[Exercise aim] Every entry should be repeated exactly as written.

(Beginning of Data records)

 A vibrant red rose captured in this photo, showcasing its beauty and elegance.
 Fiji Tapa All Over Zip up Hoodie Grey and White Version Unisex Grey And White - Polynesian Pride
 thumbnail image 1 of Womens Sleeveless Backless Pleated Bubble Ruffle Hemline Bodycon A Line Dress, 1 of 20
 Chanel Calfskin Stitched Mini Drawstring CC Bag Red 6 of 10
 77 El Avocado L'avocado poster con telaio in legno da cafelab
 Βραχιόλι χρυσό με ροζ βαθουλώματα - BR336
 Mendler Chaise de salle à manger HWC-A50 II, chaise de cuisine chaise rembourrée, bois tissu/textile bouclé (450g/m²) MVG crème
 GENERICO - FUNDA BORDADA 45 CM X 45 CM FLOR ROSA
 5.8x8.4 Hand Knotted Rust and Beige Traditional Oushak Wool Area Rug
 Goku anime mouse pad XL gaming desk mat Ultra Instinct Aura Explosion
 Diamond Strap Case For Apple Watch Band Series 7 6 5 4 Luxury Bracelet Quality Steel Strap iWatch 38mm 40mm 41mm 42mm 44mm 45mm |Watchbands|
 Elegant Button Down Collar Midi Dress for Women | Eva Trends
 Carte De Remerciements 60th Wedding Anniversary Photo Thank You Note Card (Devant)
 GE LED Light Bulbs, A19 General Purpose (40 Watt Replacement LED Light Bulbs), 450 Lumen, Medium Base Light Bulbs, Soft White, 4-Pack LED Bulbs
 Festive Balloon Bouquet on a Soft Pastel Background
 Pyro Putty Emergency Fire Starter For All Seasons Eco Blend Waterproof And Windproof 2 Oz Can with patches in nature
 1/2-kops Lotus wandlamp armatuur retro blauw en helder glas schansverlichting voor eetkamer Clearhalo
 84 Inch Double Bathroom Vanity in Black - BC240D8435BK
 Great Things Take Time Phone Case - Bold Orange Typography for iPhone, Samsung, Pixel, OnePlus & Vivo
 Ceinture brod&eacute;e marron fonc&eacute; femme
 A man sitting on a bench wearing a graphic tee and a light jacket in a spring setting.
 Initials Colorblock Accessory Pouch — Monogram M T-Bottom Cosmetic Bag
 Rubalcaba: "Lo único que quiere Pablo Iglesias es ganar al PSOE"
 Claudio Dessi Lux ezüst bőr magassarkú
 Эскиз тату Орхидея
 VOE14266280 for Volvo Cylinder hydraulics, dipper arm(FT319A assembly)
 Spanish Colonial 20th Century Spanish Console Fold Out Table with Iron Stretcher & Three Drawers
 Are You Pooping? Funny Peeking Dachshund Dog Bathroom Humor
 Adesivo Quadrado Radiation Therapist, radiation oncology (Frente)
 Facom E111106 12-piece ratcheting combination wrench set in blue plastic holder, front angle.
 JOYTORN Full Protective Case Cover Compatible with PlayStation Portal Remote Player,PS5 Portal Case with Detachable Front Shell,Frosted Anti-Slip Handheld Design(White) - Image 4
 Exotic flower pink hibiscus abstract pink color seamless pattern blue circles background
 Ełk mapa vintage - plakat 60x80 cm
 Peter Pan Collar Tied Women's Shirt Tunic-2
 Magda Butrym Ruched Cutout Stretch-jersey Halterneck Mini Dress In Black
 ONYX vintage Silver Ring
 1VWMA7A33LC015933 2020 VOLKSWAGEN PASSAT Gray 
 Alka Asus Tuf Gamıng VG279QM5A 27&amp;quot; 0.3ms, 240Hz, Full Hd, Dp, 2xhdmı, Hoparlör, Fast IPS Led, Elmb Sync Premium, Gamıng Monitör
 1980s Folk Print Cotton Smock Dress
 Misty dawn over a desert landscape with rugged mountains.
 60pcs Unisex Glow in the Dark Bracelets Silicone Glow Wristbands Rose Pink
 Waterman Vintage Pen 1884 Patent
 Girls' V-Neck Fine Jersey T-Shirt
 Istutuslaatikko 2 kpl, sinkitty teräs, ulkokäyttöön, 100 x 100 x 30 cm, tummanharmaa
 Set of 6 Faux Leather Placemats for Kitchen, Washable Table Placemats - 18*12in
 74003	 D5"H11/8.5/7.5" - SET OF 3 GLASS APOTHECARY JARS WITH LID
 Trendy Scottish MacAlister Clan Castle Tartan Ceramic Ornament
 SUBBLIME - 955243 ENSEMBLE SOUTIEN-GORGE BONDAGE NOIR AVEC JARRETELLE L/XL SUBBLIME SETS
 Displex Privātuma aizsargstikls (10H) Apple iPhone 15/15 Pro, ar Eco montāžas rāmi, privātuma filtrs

(End of Data records)

[Your solution]
 A vibrant red rose captured in this photo, showcasing its beauty and elegance.
 Fiji Tapa All Over Zip up Hoodie Grey and White Version Unisex Grey And White - Polynesian Pride
 thumbnail image 1 of Womens Sleeveless Backless Pleated Bubble Ruffle Hemline Bodycon A Line Dress, 1 of 20
 Chanel Calfskin Stitched Mini Drawstring CC Bag Red 6 of 10
 77 El Avocado L'avocado poster con telaio in legno da cafelab
 Βραχιόλι χρυσό με ροζ βαθουλώματα - BR336
 Mendler Chaise de salle à manger HWC-A50 II, chaise de cuisine chaise rembourrée, bois tissu/textile bouclé (450g/m²) MVG crème
 GENERICO - FUNDA BORDADA 45 CM X 45 CM FLOR ROSA
 5.8x8.4 Hand Knotted Rust and Beige Traditional Oushak Wool Area Rug
 Goku anime mouse pad XL gaming desk mat Ultra Instinct Aura Explosion
 Diamond Strap Case For Apple Watch Band Series 7 6 5 4 Luxury Bracelet Quality Steel Strap iWatch 38mm 40mm 41mm 42mm 44mm 45mm |Watchbands|
 Elegant Button Down Collar Midi Dress for Women | Eva Trends
 Carte De Remerciements 60th Wedding Anniversary Photo Thank You Note Card (Devant)
 GE LED Light Bulbs, A19 General Purpose (40 Watt Replacement LED Light Bulbs), 450 Lumen, Medium Base Light Bulbs, Soft White, 4-Pack LED Bulbs
 Festive Balloon Bouquet on a Soft Pastel Background
 Pyro Putty Emergency Fire Starter For All Seasons Eco Blend Waterproof And Windproof 2 Oz Can with patches in nature
 1/2-kops Lotus wandlamp armatuur retro blauw en helder glas schansverlichting voor eetkamer Clearhalo
 84 Inch Double Bathroom Vanity in Black - BC240D8435BK
 Great Things Take Time Phone Case - Bold Orange Typography for iPhone, Samsung, Pixel, OnePlus & Vivo
 Ceinture brod&eacute;e marron fonc&eacute; femme
 A man sitting on a bench wearing a graphic tee and a light jacket in a spring setting.
 Initials Colorblock Accessory Pouch — Monogram M T-Bottom Cosmetic Bag
 Rubalcaba: "Lo único que quiere Pablo Iglesias es ganar al PSOE"
 Claudio Dessi Lux ezüst bőr magassarkú
 Эскиз тату Орхидея
 VOE14266280 for Volvo Cylinder hydraulics, dipper arm(FT319A assembly)
 Spanish Colonial 20th Century Spanish Console Fold Out Table with Iron Stretcher & Three Drawers
 Are You Pooping? Funny Peeking Dachshund Dog Bathroom Humor
 Adesivo Quadrado Radiation Therapist, radiation oncology (Frente)
 Facom E111106 12-piece ratcheting combination wrench set in blue plastic holder, front angle.
 JOYTORN Full Protective Case Cover Compatible with PlayStation Portal Remote Player,PS5 Portal Case with Detachable Front Shell,Frosted Anti-Slip Handheld Design(White) - Image 4
 Exotic flower pink hibiscus abstract pink color seamless pattern blue circles background
 Ełk mapa vintage - plakat 60x80 cm
 Peter Pan Collar Tied Women's Shirt Tunic-2
 Magda Butrym Ruched Cutout Stretch-jersey Halterneck Mini Dress In Black
 ONYX vintage Silver Ring
 1VWMA7A33LC015933 2020 VOLKSWAGEN PASSAT Gray 
 Alka Asus Tuf Gamıng VG279QM5A 27&amp;quot; 0.3ms, 240Hz, Full Hd, Dp, 2xhdmı, Hoparlör, Fast IPS Led, Elmb Sync Premium, Gamıng Monitör
 1980s Folk Print Cotton Smock Dress
 Misty dawn over a desert landscape with rugged mountains.
 60pcs Unisex Glow in the Dark Bracelets Silicone Glow Wristbands Rose Pink
 Waterman Vintage Pen 1884 Patent
 Girls' V-Neck Fine Jersey T-Shirt
 Istutuslaatikko 2 kpl, sinkitty teräs, ulkokäyttöön, 100 x 100 x 30 cm, tummanharmaa
 Set of 6 Faux Leather Placemats for Kitchen, Washable Table Placemats - 18*12in
 74003	 D5"H11/8.5/7.5" - SET OF 3 GLASS APOTHECARY JARS WITH LID
 Trendy Scottish MacAlister Clan Castle Tartan Ceramic Ornament
 SUBBLIME - 955243 ENSEMBLE SOUTIEN-GORGE BONDAGE NOIR AVEC JARRETELLE L/XL SUBBLIME SETS
 Displex Privātuma aizsargstikls (10H) Apple iPhone 15/15 Pro, ar Eco montāžas rāmi, privātuma filtrs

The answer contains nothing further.